2. The computer-readable medium of claim 1 in which the method includes a further step of replacing S with the named entity from {C} if it is a fully specified reference.

3. The computer-readable medium of claim 1 in which an underspecified string does not include both a first name and a last name, and a fully specified named reference includes both a first name and a last name.

4. The computer-readable medium of claim 1 in which the one or more heuristics comprise name matching heuristics.

5. The computer-readable medium of claim 1 in which the method includes a further step of generating a map comprising a data structure in which a named entity will report a list of associated documents which contain the named entity.

6. The computer-readable medium of claim 5 in which the generating comprises extracting all named entities of a certain named entity type from a set of documents.

7. The computer-readable medium of claim 6 in which the named entity type comprises person-names.

8. The computer-readable medium of claim 6 in which the set of documents comprise documents collected from websites.

9. An automated method for operating a named entity recognition system, the method comprising the steps of:

collecting a set of documents of known type, the set of documents comprising text documents having different presentation genres;

collecting a set of directed links between the documents;

performing named entity recognition on the set of documents to generate annotations on each document which indicate locations and types of named entities contained therein;

following a link from a first document to a second document having a presentation genre which has a higher degree of formality compared with the presentation genre of the first document; and

using a named entity in the second document to resolve a named entity in the first document.

10. The automated method of claim 9 in which the named entity in the first document is underspecified and the named entity in the second document is fully specified.

11. The automated method of claim 9 in which the named entity is one of person-name, location-name, or organization-name.

12. The automated method of claim 9 including a further step of applying one or more heuristics to match the named entity in the first document to the named entity in the second document.

13. The automated method of claim 12 in which the one or more heuristics comprise one of surname matching or honorific stripping.

14. The automated method of claim 9 including a further step of providing results from the named entity recognition system to a provider of a website.
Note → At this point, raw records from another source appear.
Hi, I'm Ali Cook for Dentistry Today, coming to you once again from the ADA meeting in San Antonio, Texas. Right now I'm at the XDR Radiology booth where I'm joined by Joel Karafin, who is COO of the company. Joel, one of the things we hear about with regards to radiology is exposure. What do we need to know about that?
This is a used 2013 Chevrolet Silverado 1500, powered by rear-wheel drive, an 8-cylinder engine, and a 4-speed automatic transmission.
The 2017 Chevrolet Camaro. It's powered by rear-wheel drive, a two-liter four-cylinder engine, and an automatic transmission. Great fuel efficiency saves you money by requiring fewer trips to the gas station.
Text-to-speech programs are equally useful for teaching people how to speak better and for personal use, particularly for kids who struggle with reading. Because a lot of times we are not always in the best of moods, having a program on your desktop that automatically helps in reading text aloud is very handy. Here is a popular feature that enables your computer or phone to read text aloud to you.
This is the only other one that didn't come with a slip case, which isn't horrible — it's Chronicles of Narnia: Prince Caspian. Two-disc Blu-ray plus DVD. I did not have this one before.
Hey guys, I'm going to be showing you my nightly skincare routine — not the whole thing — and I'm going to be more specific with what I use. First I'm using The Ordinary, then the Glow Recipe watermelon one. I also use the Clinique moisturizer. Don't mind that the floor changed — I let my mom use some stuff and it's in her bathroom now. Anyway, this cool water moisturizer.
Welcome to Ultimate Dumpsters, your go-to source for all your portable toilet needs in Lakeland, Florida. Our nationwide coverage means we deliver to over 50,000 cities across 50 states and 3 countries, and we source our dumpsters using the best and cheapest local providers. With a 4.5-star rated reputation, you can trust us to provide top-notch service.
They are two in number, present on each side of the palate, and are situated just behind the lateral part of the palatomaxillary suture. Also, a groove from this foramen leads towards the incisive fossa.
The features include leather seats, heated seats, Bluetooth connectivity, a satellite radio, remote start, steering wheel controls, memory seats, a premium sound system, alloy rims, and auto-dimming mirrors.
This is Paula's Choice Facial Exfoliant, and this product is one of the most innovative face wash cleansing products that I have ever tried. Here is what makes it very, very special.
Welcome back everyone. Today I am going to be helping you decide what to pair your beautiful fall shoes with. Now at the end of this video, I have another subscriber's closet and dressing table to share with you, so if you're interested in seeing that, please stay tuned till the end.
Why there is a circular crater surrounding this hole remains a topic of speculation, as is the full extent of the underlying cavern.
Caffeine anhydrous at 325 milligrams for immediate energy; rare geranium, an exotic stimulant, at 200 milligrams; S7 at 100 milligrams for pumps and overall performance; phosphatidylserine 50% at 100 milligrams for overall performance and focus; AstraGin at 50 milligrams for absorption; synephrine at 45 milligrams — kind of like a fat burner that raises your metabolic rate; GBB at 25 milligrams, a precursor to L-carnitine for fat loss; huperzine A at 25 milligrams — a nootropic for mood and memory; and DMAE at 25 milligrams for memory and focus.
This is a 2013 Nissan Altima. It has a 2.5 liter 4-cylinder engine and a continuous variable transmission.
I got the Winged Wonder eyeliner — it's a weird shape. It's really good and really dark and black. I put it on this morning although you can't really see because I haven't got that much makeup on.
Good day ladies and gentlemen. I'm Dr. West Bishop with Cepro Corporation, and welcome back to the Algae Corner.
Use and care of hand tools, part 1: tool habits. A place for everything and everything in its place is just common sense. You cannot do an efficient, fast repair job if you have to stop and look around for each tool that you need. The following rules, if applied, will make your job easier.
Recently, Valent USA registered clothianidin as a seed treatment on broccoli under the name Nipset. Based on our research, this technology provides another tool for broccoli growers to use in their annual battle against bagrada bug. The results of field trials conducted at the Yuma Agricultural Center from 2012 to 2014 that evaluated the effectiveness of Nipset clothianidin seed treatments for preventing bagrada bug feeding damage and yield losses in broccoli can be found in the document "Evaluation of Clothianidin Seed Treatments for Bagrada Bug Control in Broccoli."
15. The automated method of claim 14 in which the website provides one of search, information retrieval, topic detection and tracking, machine translation, recommendation, or ranking.

16. A computer-readable medium containing instructions which, when executed by one or more processors disposed in an electronic device, perform a method for resolving a named entity using multiple text sources, the method comprising the steps of:

extracting named entities in a first text source using a named entity recognition system;

following links in the first text source to one or more other text sources, the one or more other text sources being of a more formalized presentation genre compared to the first text sources;

extracting named entities from the one or more other text sources; and

resolving the extracted named entities in the first text source using the extracted named entities from the one or more other text sources.

17. The computer-readable medium of claim 16 in which the resolving comprises normalization of a named entity to a normalized form or grounding a named entity to a logical representation.

18. The computer-readable medium of claim 16 in which the links comprise hyperlinks.

19. The computer-readable medium of claim 16 in which the multiple text sources are hosted by respective web servers that are accessible over the Internet.

20. The computer-readable medium of claim 16 in which the named entity recognition system applies one or more heuristics to match the named entity in the first text source to named entities in the one or more other text sources.